Arrow functions help to make the confounding issue of `this` less confounding.

Arrow functions lexically bind the value of `this`. It is very likely that you do not know what that sentence means. And that's OK.

What you need to know is that the value of `this` in arrow functions is the same as it was in the enclosing scope. That is, the `this` value inside an arrow function is the same as the `this` value outside of it. Let's look at an example.

```js
var foot = {
    kick: function () {
        this.yelp = "Ouch!";
        setImmediate(function () {
            console.log(this.yelp);
        });
    }
};
foot.kick();
```

When the call to `console.log()` occurs, a beginning JavaScript programmer might expect `this.yelp` to contain `"Ouch!"`. In fact, it is `undefined`, because the function we passed to `setImmediate` got its own `this` (which by default is the global object, which has no `yelp` property).
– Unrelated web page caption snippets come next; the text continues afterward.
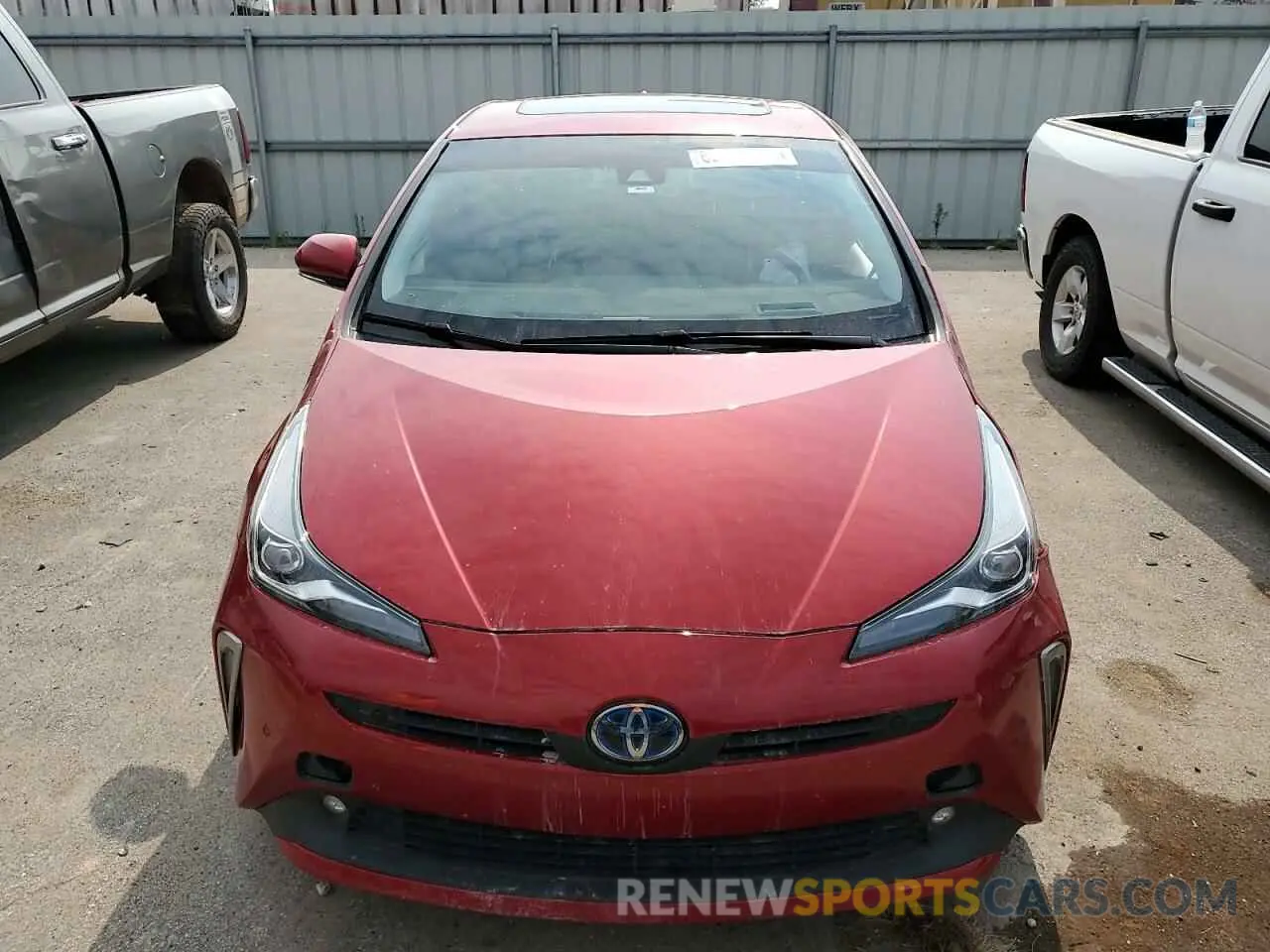 5 fotografías del automóvil dañado JTDKAMFUXN3169116 TOYOTA PRIUS NIGH 2022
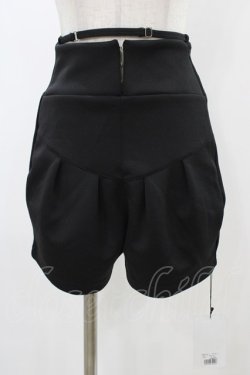 画像1: Melt the lady / ベルト付きショートパンツ S ブラック H-25-12-25-027-PU-PA-NS-ZH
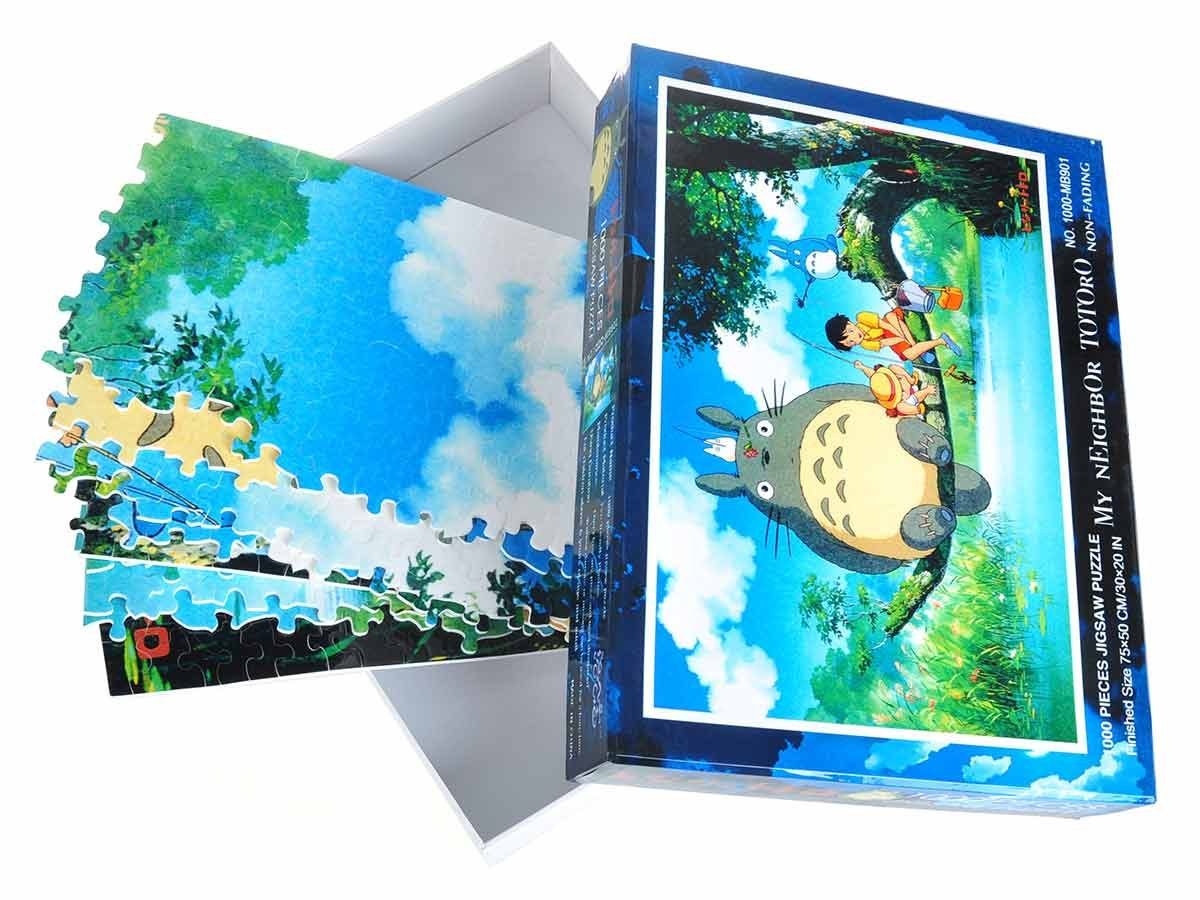 GalaxyCat Puzzle Totoro Puzzle mit Teilen 1000 Totoro 75x50cm, 1000 Puzzle Motiv:, 1000 Teilen, mit Puzzleteile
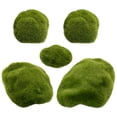 thumbnail image 3 of 5 piezas de decoración artificial de piedra musgosa para exteriores, jardín, paisajismo, piedras falsas, musgo, rocas decorativas, 3 of 7
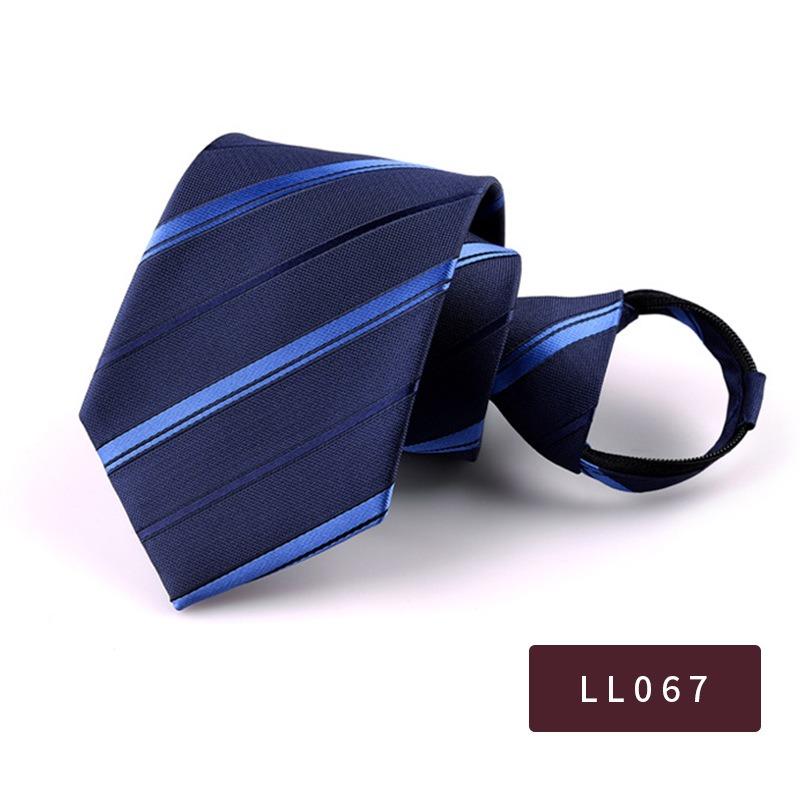 8Cm Pull Tie Dress Lazy Tie Men'S Clothing Accessories Striped Suit Business Tie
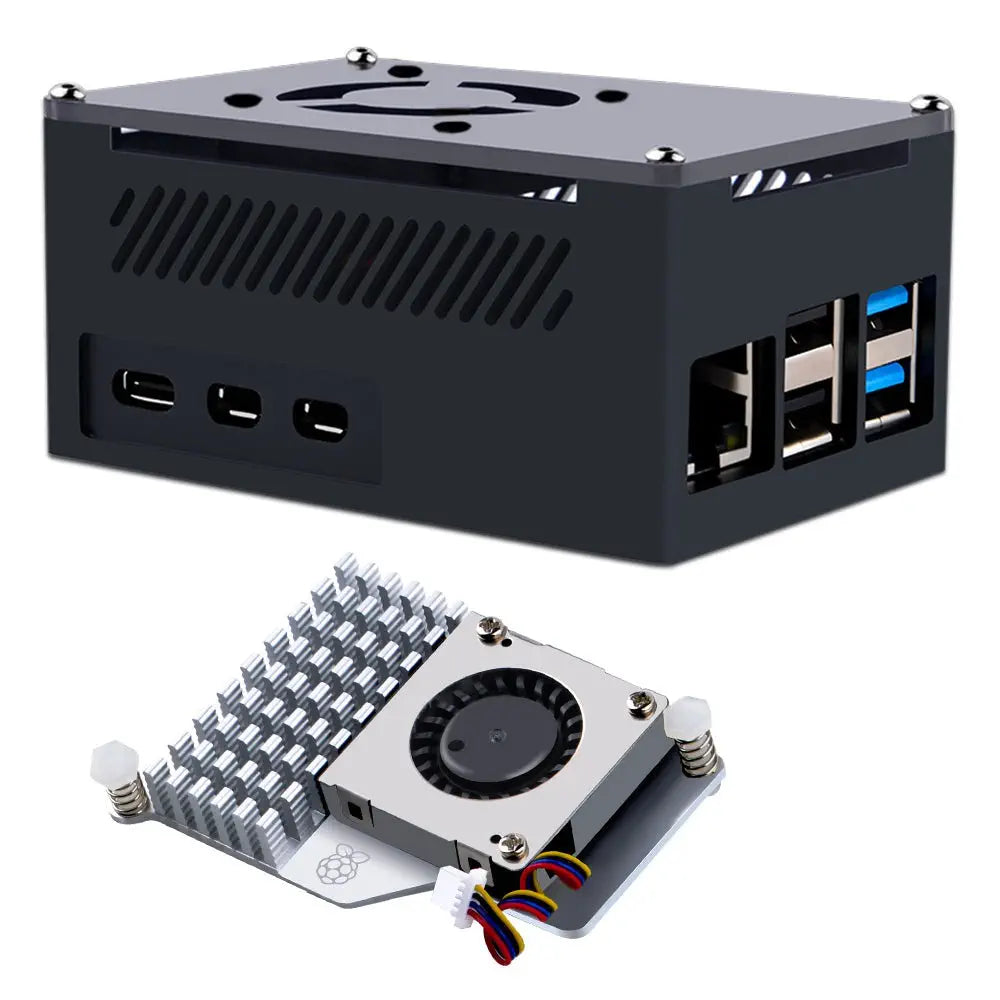 - Teething and chewing toys for puppies52Pi Aluminum Case Black Brick Enlosure w/ Official Fan Heatsink for Raspberry Pi 5
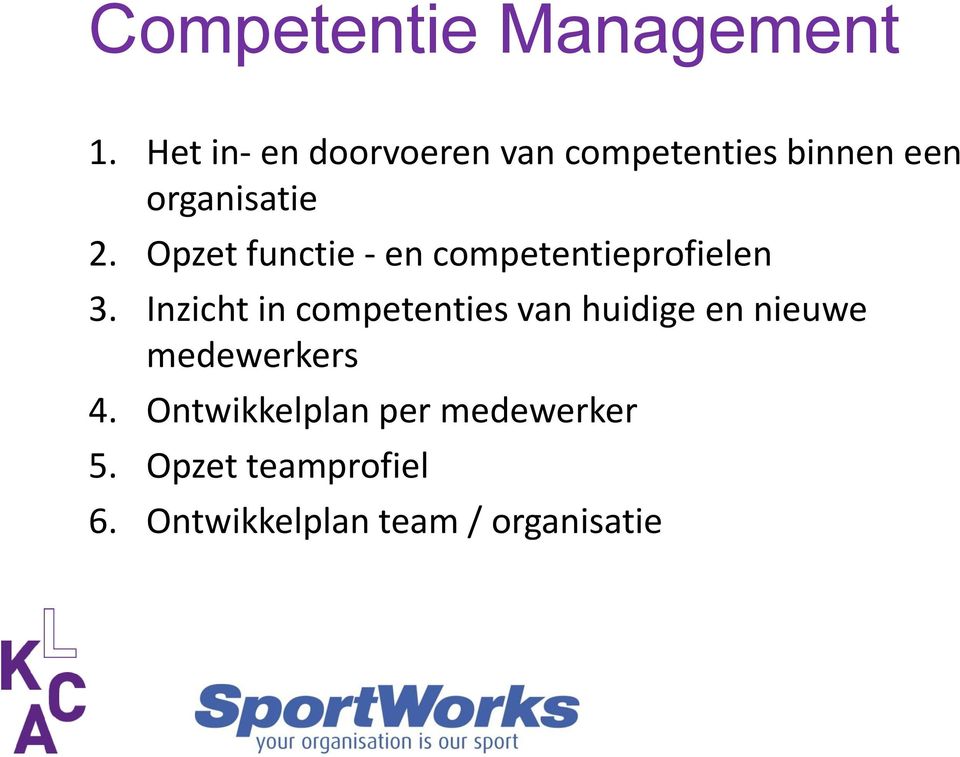 Opzet functie - en competentieprofielen 3.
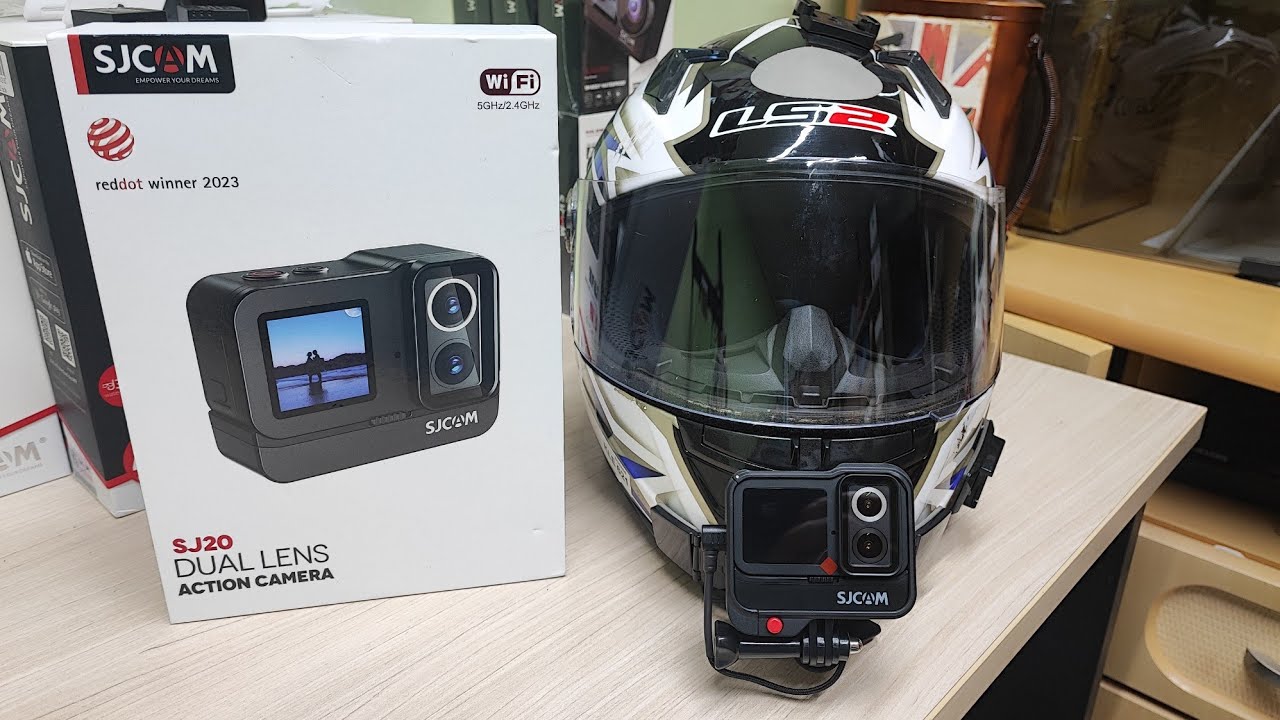 Primeiro Vídeo com a sjcam SJ20 Dual Lentes Microfone em Construção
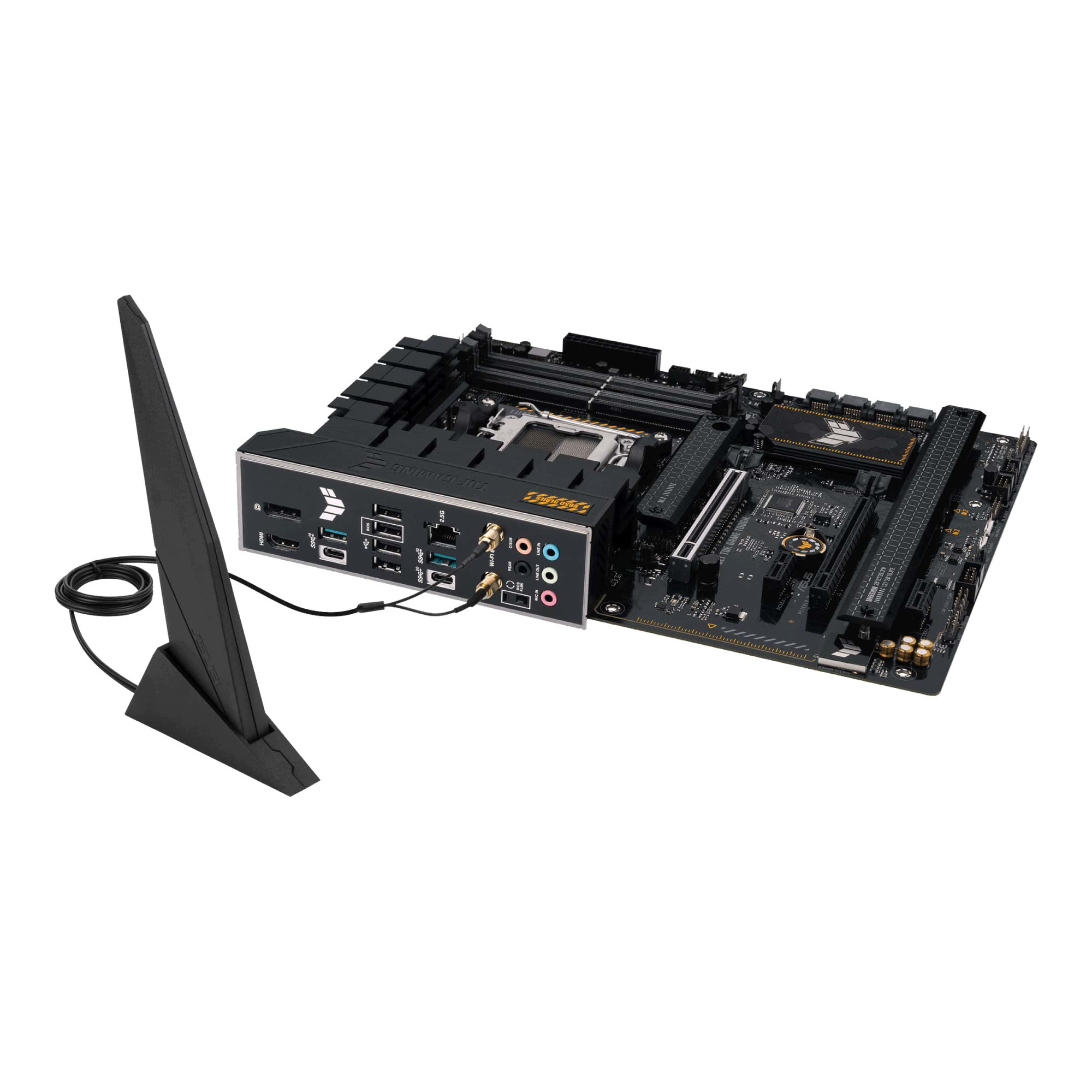 Asus | TUF GAMING B650-PLUS WIFI | Processor family AMD | Processor socket AM5 | DDR5 DIMM | Memory slots 4 | Supported hard disk drive interfaces SATA, M.2 | Number of SATA connectors 4 | Chipset AMD B650 | ATX - Image 8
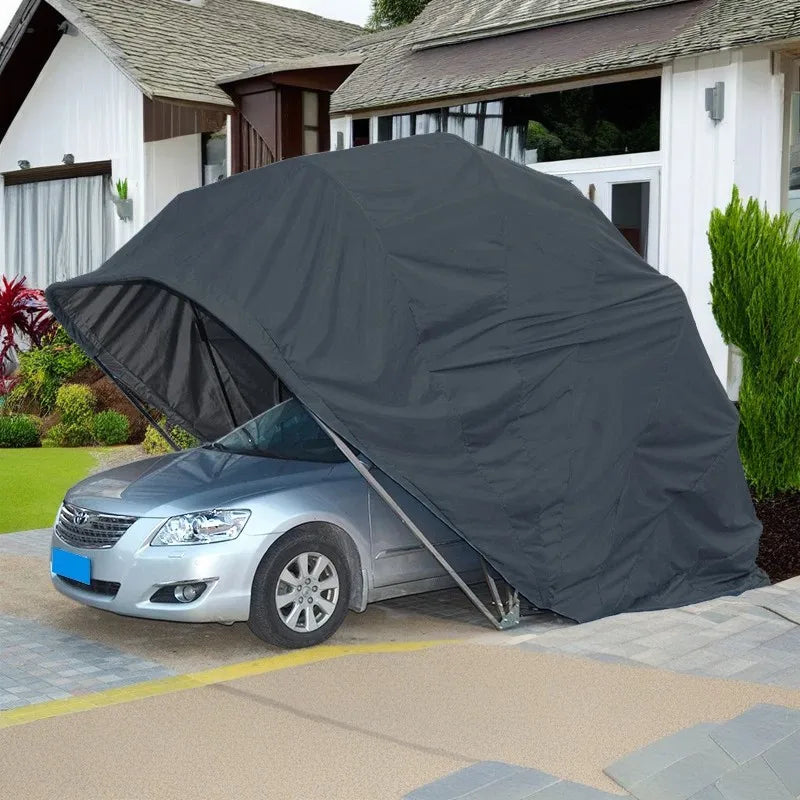 Retractable Foldable Car Shelter Portable Canopy Garage Tent Easy-to-Use Carport MegaBDM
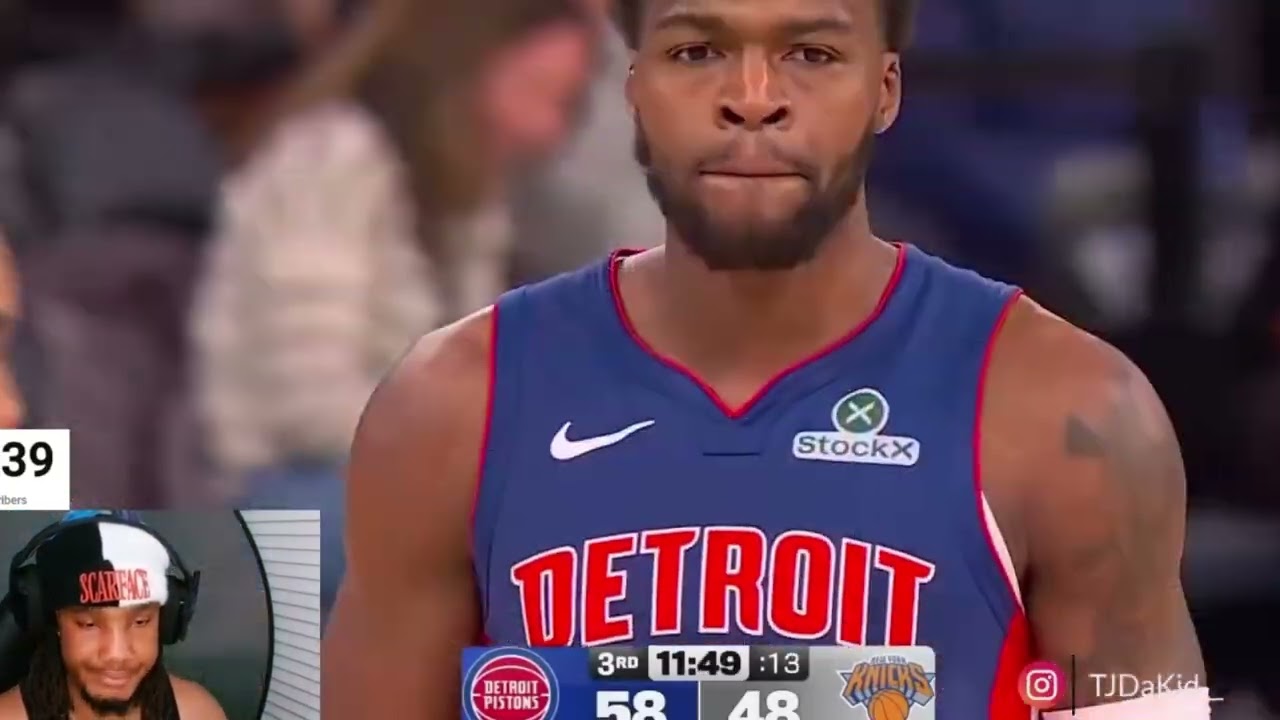 TJDaKid Reacts To New York Knicks vs Detroit Pistons NBA (2/19/26)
In ES5, you might work around this with hacks like:

```js
setImmediate(function () {
    console.log(this.yelp);
}.bind(this));
```

or even

```js
var that = this;
setImmediate(function () {
    console.log(that.yelp);
});
```

In ES6, arrow functions allow us to avoid such workarounds and instead just say what we mean. If we use an arrow function for the callback to `setImmediate`, the code will work as expected.

## Challenge

Let's do exactly that. Starting with the original code example above, replace the anonymous function passed to `setImmediate` with an arrow function.

## Hint

To declare an arrow function that expects no arguments, you can use `() => ...`.